The six scale is theoretically superior in some respects to the decimal, because its radix can be divided by three, but it is objectionable for the same reason as the decimal. Its radix admits of only one bisection. Its notation would be somewhat simpler than that now in use, but more places of figures would be required. Its first ten numbers would be 1, 2, 3, 4, 5, 10, 11, 12, 13, 14.

Of the seven, nine, and eleven scales, it needs only to be said that they present no merits, since the numbers upon which they are founded are odd numbers.

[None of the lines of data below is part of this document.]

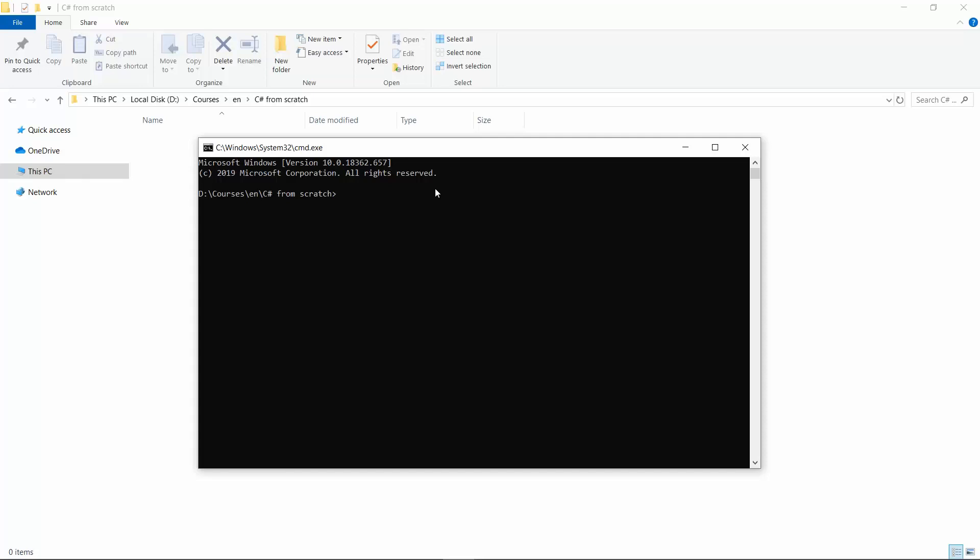After you have installed the .NET Core SDK, you should be able to use the .NET command line interface. To verify that, just open your favorite command line tool and type dotnet info.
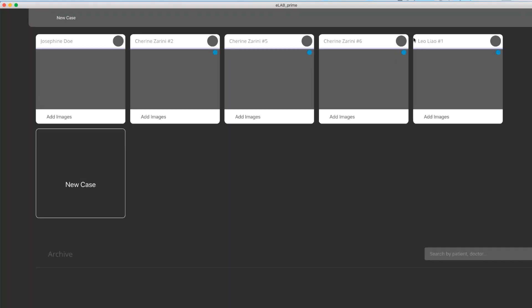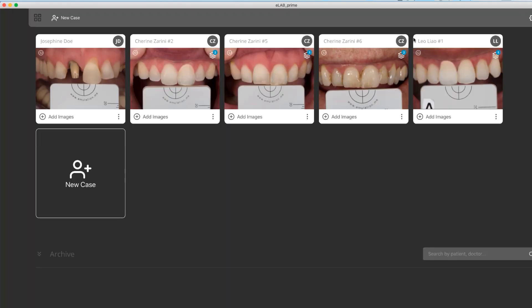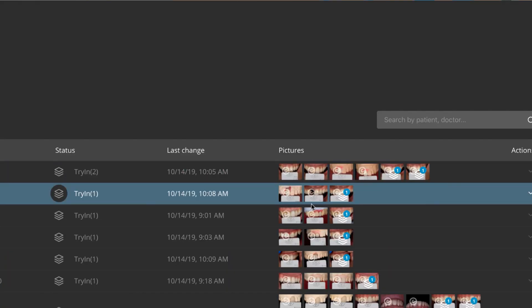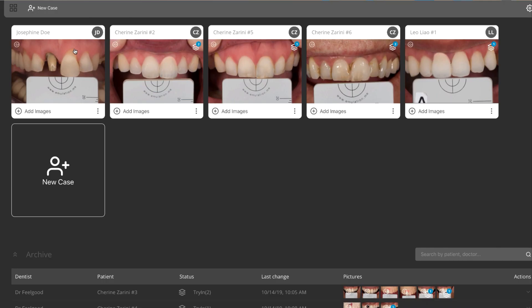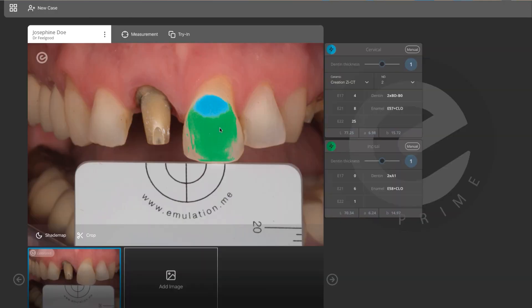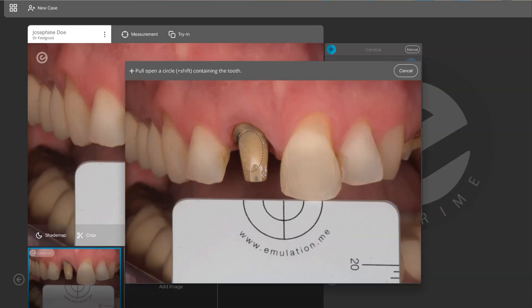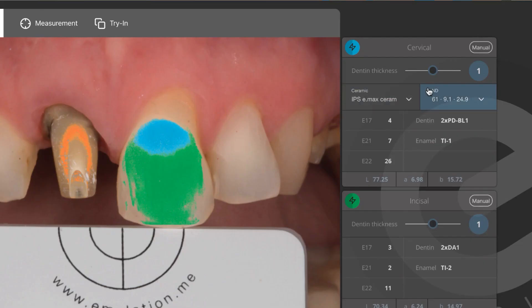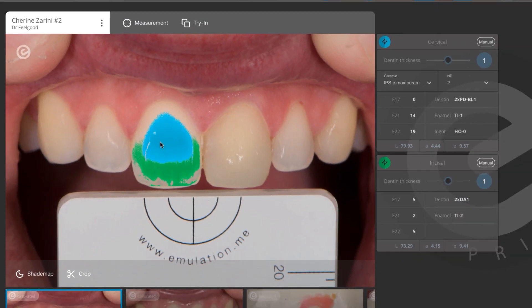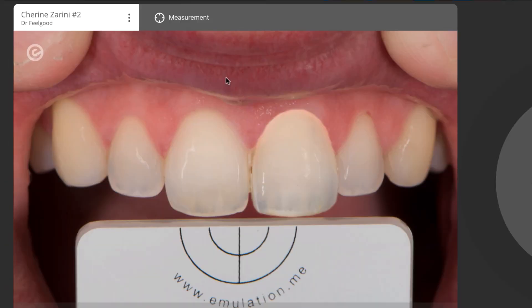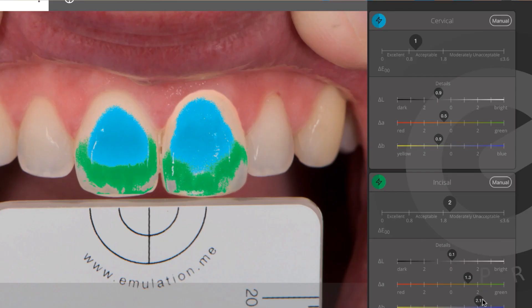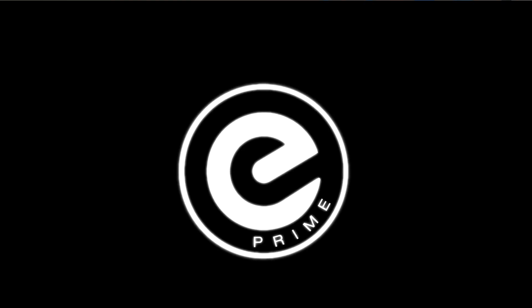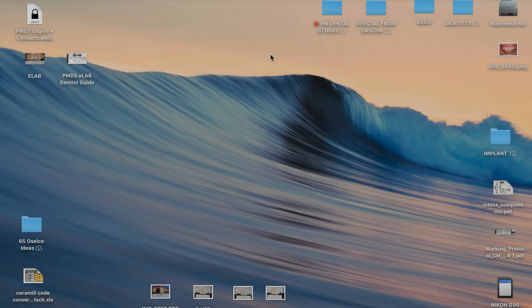Hi everybody, the brand new eLAB Prime is now available for everyone, so we decided to share with you a couple of videos with some tips and tricks. eLAB Prime is very intuitive and easy to work with. My name is Peter and I will take you through a case I finished just yesterday, so let's get started.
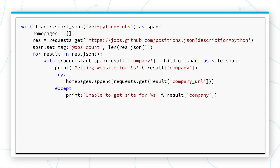We're going to tag the span with job counts in the length of the response. Then we're going to append that homepages with our results. That way we have something to read when everything's done.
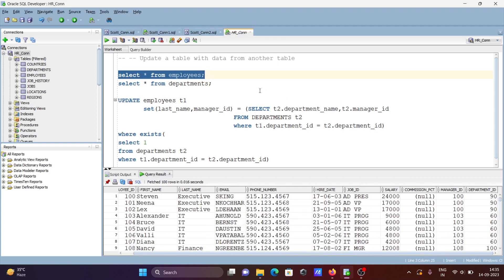So this is how we can update a table with data from another table using Oracle. I hope this video was helpful. That's it for this video — thanks for watching, see you next week!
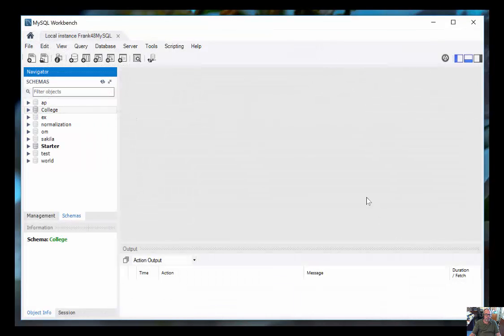That's it for this first video, which is just a very brief tour of the layout of the MySQL screen.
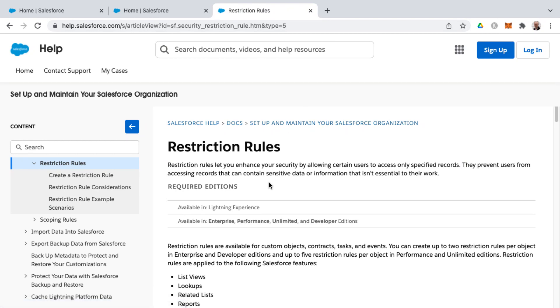All right, so there's a newer feature provided by Salesforce as far as how to restrict access to records, and that is called restriction rules.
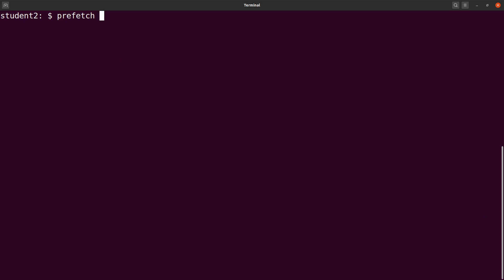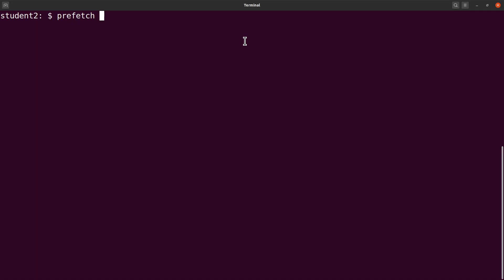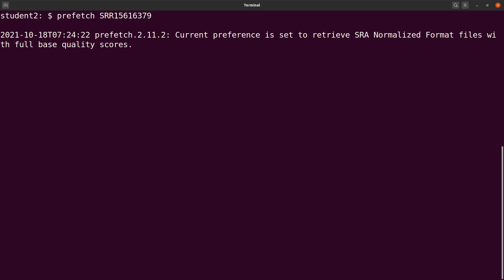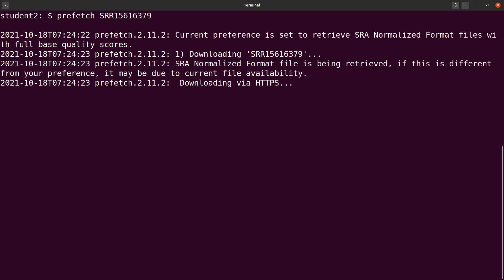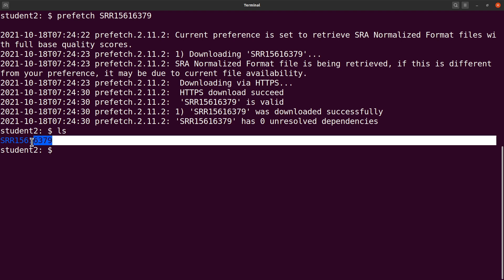So we say prefetch and then we specify the accession ID. This is my accession ID, and then I run it. Please know that the time taken to download depends on the file size, and prefetch also takes some space as well. We have it done, it's downloaded.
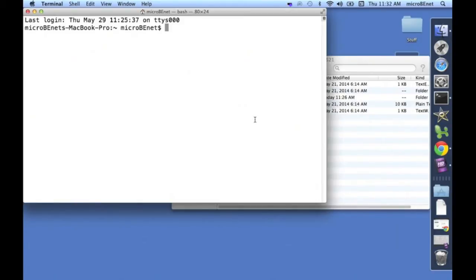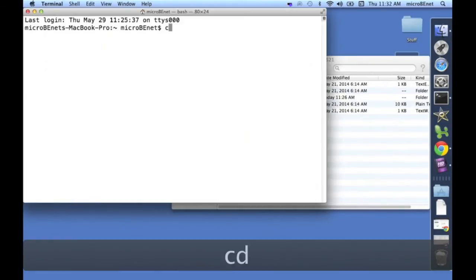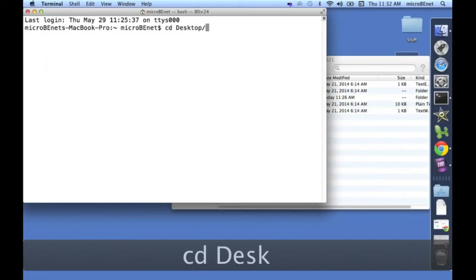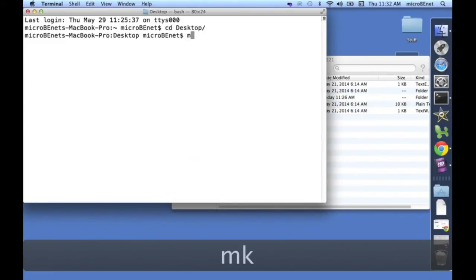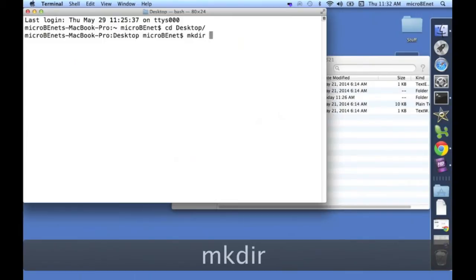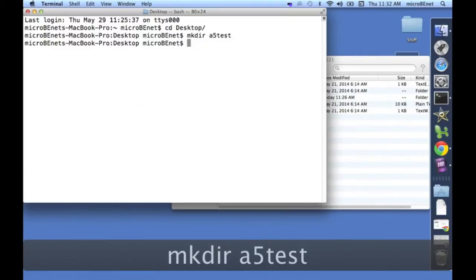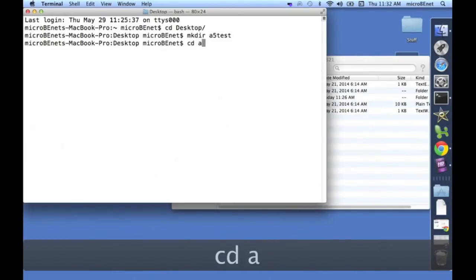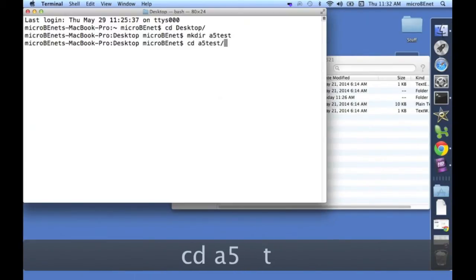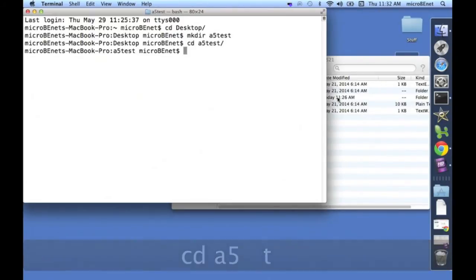And let's navigate to somewhere and make a directory. Wherever you run A5 from is where all the files will occur. So I'm going to make a new folder called A5-Test on my desktop. I'm going to navigate into that folder.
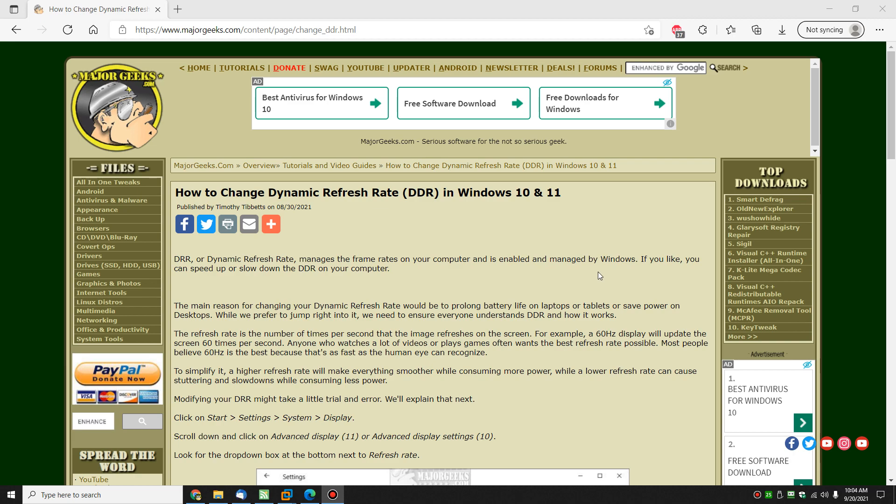Hey there Geeks, Tim with MajorGeeks.com. As always, today we're going to talk about how to change your dynamic refresh rate in Windows 10 or 11, or probably for most of you more importantly, how to leave it alone.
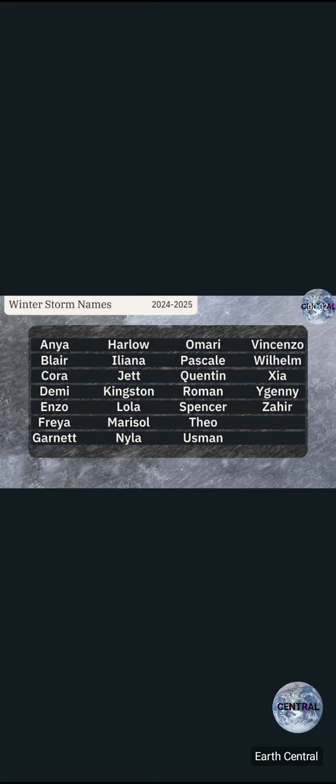Welcome back! We got a somewhat cursed winter storm name list for this year, thanks Weather Channel. Let's get right down to it. We got Anya, Blair as in Blair Witch.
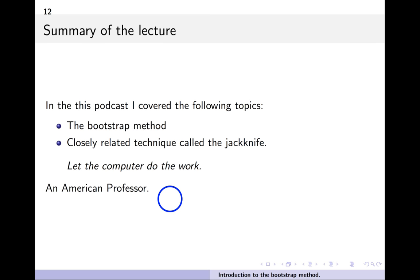To summarize: I've covered the bootstrap method in some depth, and Gauche will also use it in his course. There's the closely related jackknife — both are resampling techniques. As a collaborator used to say, just let the computer do the work. By doing this simple bootstrap procedure you can compute confidence intervals for many different quantities.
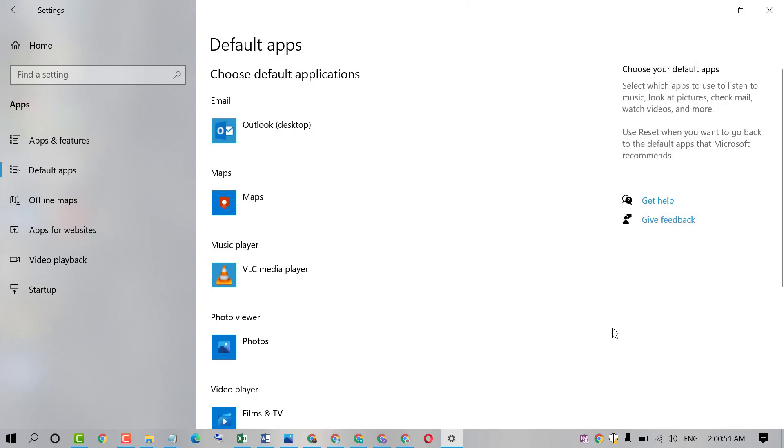So friends, by this easy and very quick method we can change default mail on Windows 10 PC. Thanks for watching this video. Please subscribe this channel.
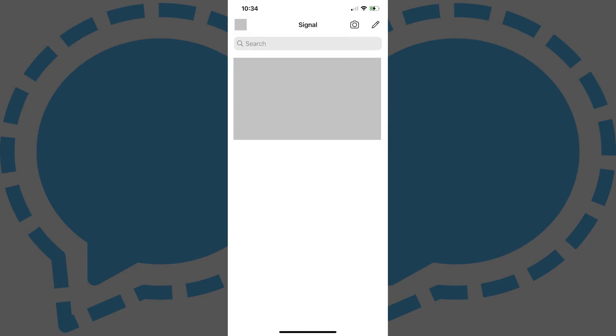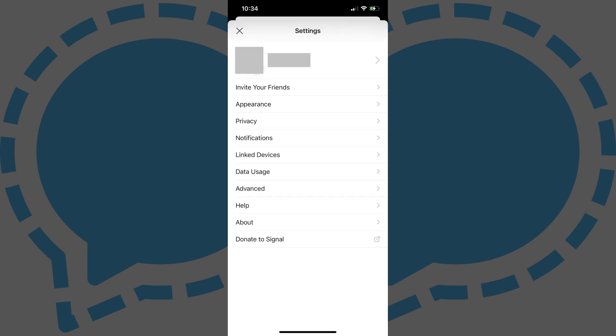Step 1. Open the Signal app on your iPhone or iPad, and then tap your profile picture at the top of your Signal home screen. The Settings menu is displayed.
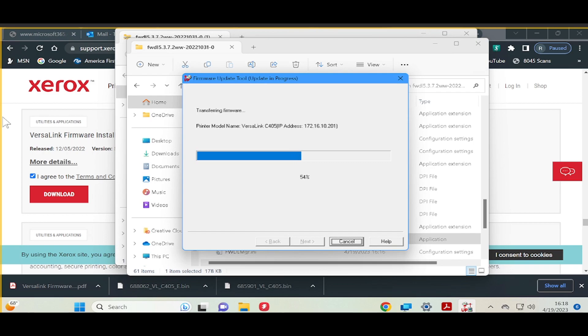The printer control panel also shows the firmware update status. You will see a message an authorized user is making changes to this device, please wait.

None of the scales to which we have briefly referred have been advocated as practicable systems, but the duodenary or twelve scale has many striking advantages, and is used to some extent for certain classes of calculation. Its radix is divisible by two, three, four, and six. It can be bisected twice. The system has not only been the favorite with many who have theorized upon the subject, but it has been used to a great extent by different nations in the practical affairs of life. The Scandinavian nations have a preference for this scale. Traces of its use appear in our words dozen, gross, and great gross. It also appears in quite a number of the primary divisions in our weights and measures. Its use is quite common among mathematicians in long arithmetical computations. The additional mental labor required to compute in this scale is not very great, while the manual labor is somewhat less than in using the decimal system. The scale has always been a favorite one with those who object to the decimal notation.

The sexagenary system, founded upon the number sixty, deserves a passing mention on account of its historical interest. It was used for a long time by the Greeks in astronomical and other calculations. Our subdivisions of time and the circle are made with reference to it; but for practical operations it is very laborious and complicated.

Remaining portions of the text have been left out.